Environmental Inequality and
the Black-White Test Score Gap
Anna Aizer
Janet Currie
Peter Simon
Patrick Vivier
Racial Disparities in Test Scores
Large literature examining causes of the gap
• Reviewed by Jencks and Phillips, eds (2008 and 2011) and Magnuson
and Waldfogel, eds (2008)
• Consider the following factors:
•
•
•
•
•
•
•
Family income
School segregation
Family structure
Parenting practices
Quality of educational inputs
School segregation (Reber, 2010)
Neighborhood segregation (Card and Rothstein, 2007)

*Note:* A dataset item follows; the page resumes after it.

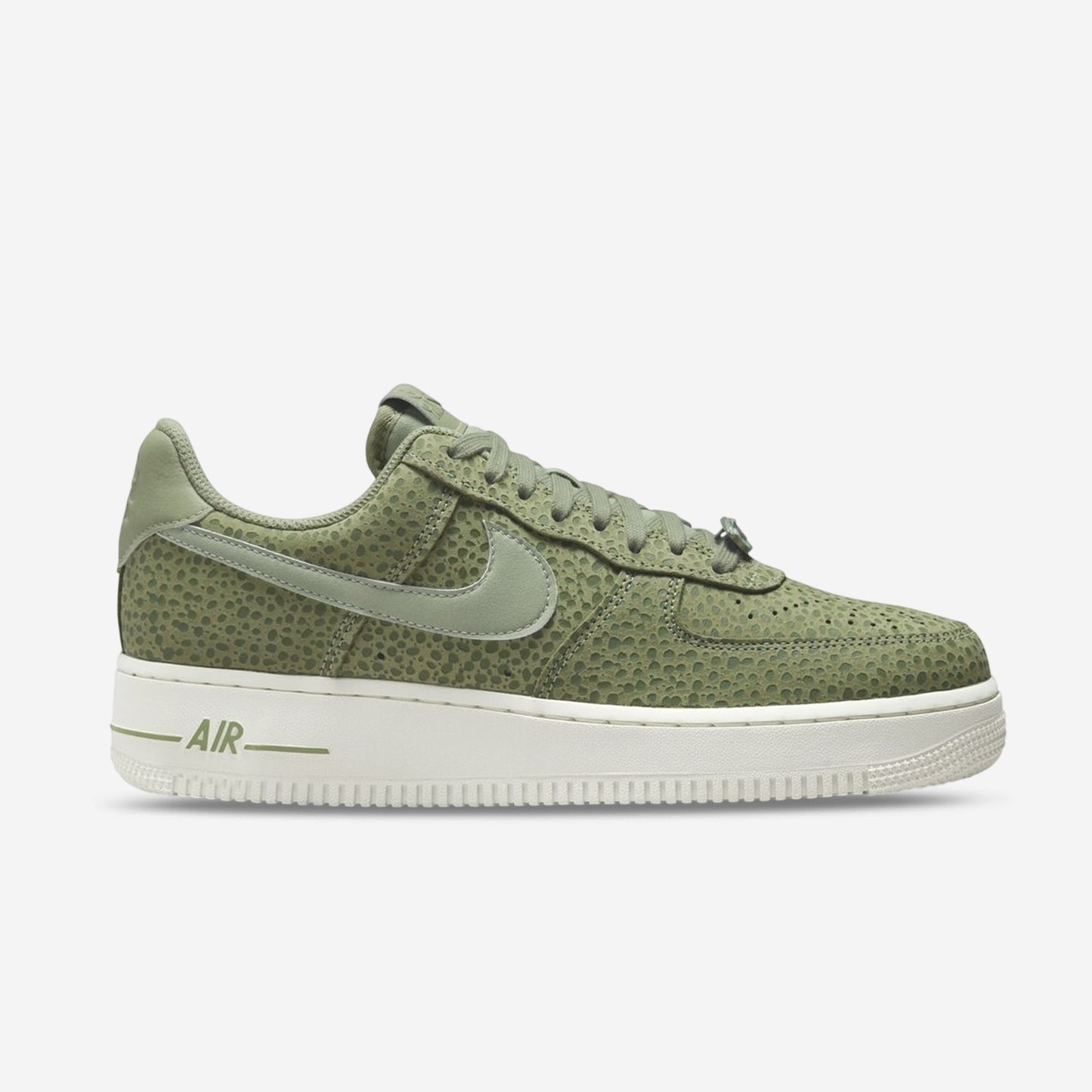 NIKE AIR FORCE 1' 07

• Even considering all the above factors, substantial gaps remain
New sources to consider?
• Jencks and Phillips (2008) recommend looking at other, less
traditional sources, to explain the persistence of the gap
• Chay, Guryan and Mazumder (2009) alternative explanation: relative
improvement in infant health of African Americans for cohorts born in
the American south between 1963 and 1971.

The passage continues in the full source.